--- START ---

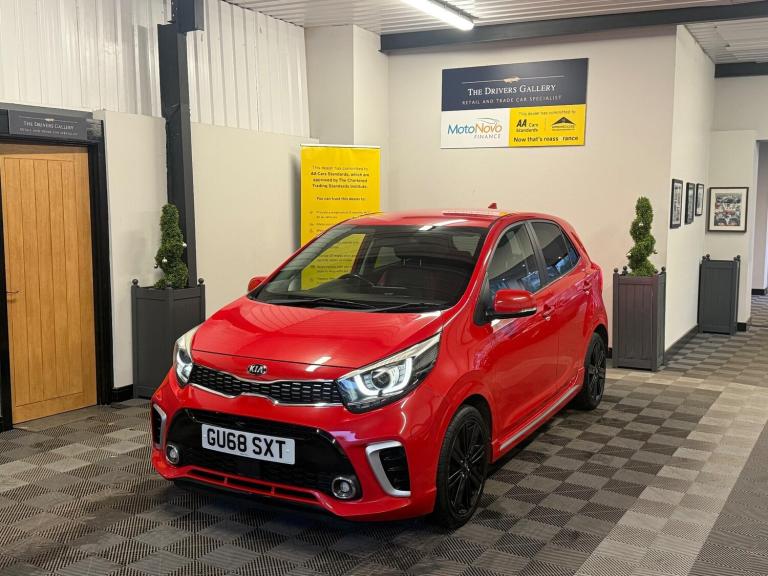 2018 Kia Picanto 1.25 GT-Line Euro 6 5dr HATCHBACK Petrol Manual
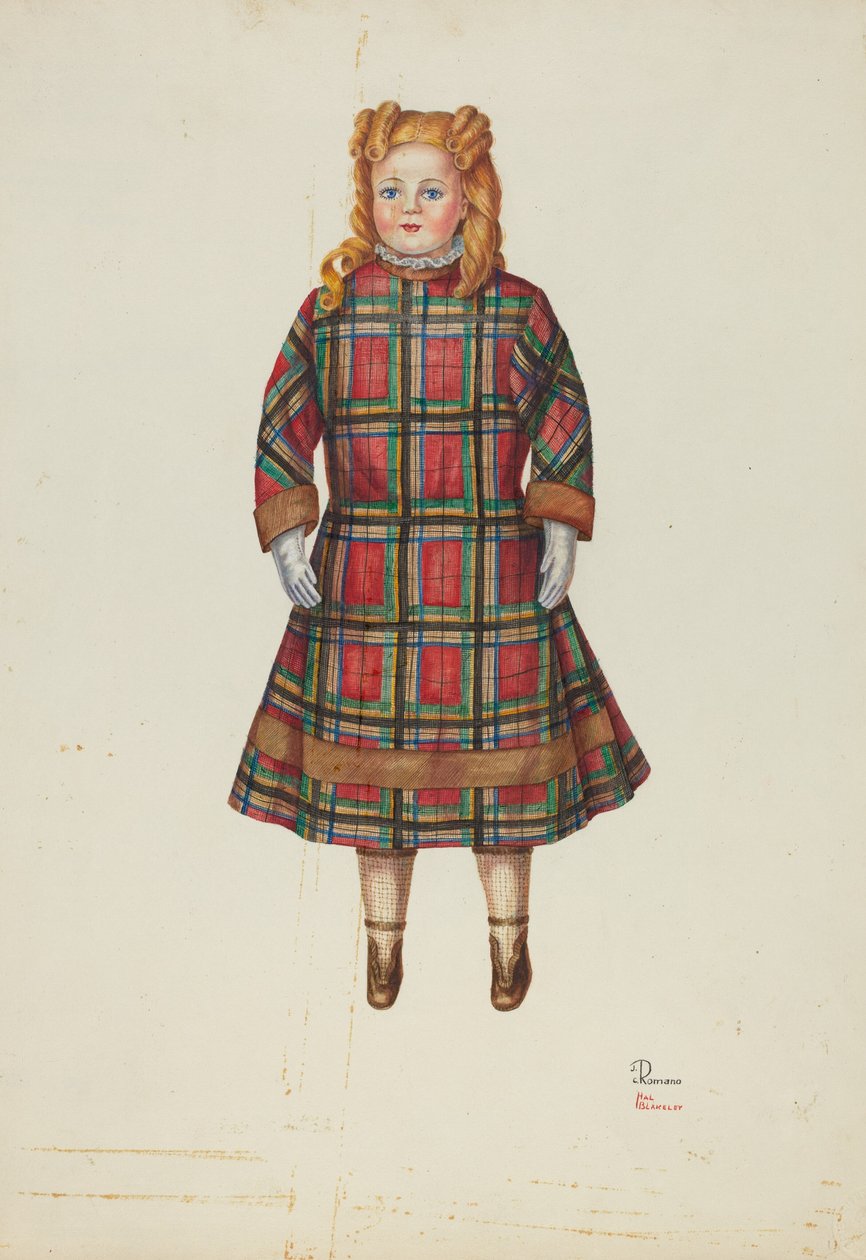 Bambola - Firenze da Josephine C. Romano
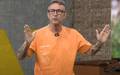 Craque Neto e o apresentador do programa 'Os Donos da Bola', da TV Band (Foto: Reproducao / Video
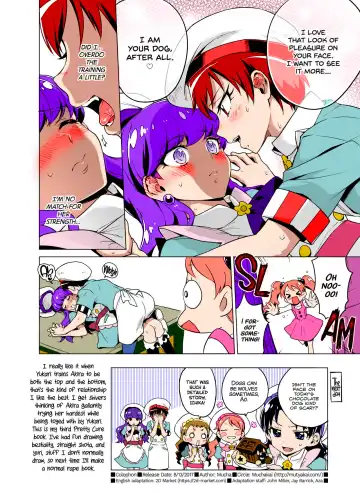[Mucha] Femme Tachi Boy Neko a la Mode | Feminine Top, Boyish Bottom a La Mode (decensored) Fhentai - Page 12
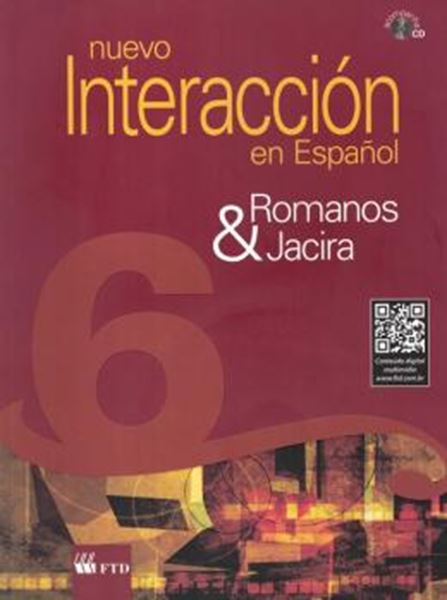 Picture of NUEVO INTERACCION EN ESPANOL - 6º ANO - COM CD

--- END ---

## [Task instructions]
With the images omitted, output all entries exactly as given.

## [Written response]
 2018 Kia Picanto 1.25 GT-Line Euro 6 5dr HATCHBACK Petrol Manual
 Bambola - Firenze da Josephine C. Romano
 Craque Neto e o apresentador do programa 'Os Donos da Bola', da TV Band (Foto: Reproducao / Video
[Mucha] Femme Tachi Boy Neko a la Mode | Feminine Top, Boyish Bottom a La Mode (decensored) Fhentai - Page 12
 Picture of NUEVO INTERACCION EN ESPANOL - 6º ANO - COM CD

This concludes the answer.